Talking about Succession Planning and IDP’s

So what happens when we intentionally blend succession plans and individual development plans across all roles in the business, not just leadership roles?  Great things happen, that’s what. 

 

Let’s look at succession plans first.

If you’ve got succession plans in place for your leadership team and a handful of key roles, you’re missing out on a massive opportunity to build positive employee engagement across the board.

According to LinkedIn’s 2018 Workforce Learning Report:

94% of employees would stay at a company longer if it invested in their career and Manager involvement is a critical ingredient to increase employee engagement with learning.

As an employee, how does having my own succession plan make me feel more engaged?

  1. It’s an acknowledgement that it does matter if no one is there to do my job and this makes me feel like I make an important contribution to the team;
  2. It’s a chance for me to coach someone else and share my experiences on what does and doesn’t work;
  3. Being able to take leave is less stressful because I know that someone else is able to look after my work while I’m away; and
  4. If a great internal promotion opportunity comes up I know there are options for other people to step into my role so I won’t be held back because I’m needed more where I am now.

And how do employees feel about being part of someone else’s succession plan?

  1. It feels great to be considered good enough to step into a more senior or more technically challenging role;
  2. This makes me feel like it’s worth battling through some of the tough situations because there is a real opportunity to learn and progress my career.

 

LinkedIn’s 2018 Workforce Learning Report

But how do we decide who needs a succession plan? 

Traditionally this effort has been focussed on “emerging leaders” and “subject matter experts”, key roles where significant loss in IP would cause impacts to business continuity.   But are these roles the only roles that fall prone to unplanned absences or that have a critical impact if left vacant for more than 4 weeks?  Are these the only roles that incur recruitment and training costs?  Is it only worth investing in career development for a subset of people?  And what’s your succession plan for the succession plan pool?

 

Having succession plans in place across all roles in the team is a useful leadership approach

  1. Minimise disruption in the business:
    • Forward planning for planned vacancies (e.g. long service leave, parental leave, annual leave, career progression); or
    • Risk mitigation for unplanned vacancies (e.g. attrition, sick leave, jury duty);
  2. Engage employees with genuine individual development plans that are backed up with coaching and mentoring opportunities.
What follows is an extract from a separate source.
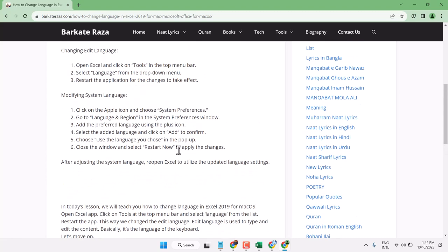This is how you can change language in Microsoft Excel on Mac OS. Thanks for watching and let me know if this worked for you.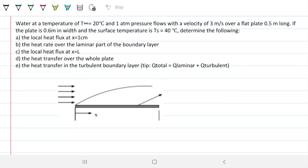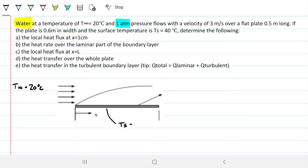First, note that this is water — not air — so we grab properties for water. Second, at one atmosphere, we can grab density and kinematic viscosity directly from the table. We know the area of the plate, and the plate is hotter than the fluid: T∞ equals 20°C and T_surface equals 40°C, so energy is leaving the plate and going into the fluid.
This shows that a genuine career path exists and will motivate people to stick around, helping in retention of business IP; and
  3. Reduce the costs of recruitment and training to fill vacated roles by having clarity on what roles really need to be recruited, if the ideal back-fill is contract or permanent and whether the role can be filled through internal promotion.

 

So what if we were to intentionally link individual development plans and succession plans?

An individual development plan is the start and all employees should have one.  It’s important to create clarity around what behaviours and skills are expected as someone progresses through development in that role.  This provides actionable steps for learning and development activities both on the job and through formal training.  But the individual development plan becomes truly genuine when it can be positioned as a pathway towards a role that someone else is doing now (i.e. as part of that person’s succession plan) or a role that is about to emerge (more on this in another article about building capability from within).

 

An individual development plan AND a succession plan for everyone in the business would be ludicrous!

Not if you can develop an efficient and repeatable way to do so.

By finding relationships between functions in your business and the roles within each function you can really efficiently design succession (and development plans) for all roles within the functions.  Mapping the roles that would logically progress to other roles provides a basic succession planning map across your teams.  The role specific development plans create the basis for the individual development plan, tailored as needed for each employee.

 

 Here are our tops for how to create an efficient and repeatable link between individual development plans and succession plans:

  1. Be clear on your E2E Workflow, the functions and the roles that support different activities;
  2. Create role specific development plans that define the competency levels within each role, clearly stating the criteria for each level;
  3. For each role, identify the roles across the business that are logical next steps and use these to guide the learning activities in each individual development plan; and
  4. Include in each individual development plan an individual succession plan for that person.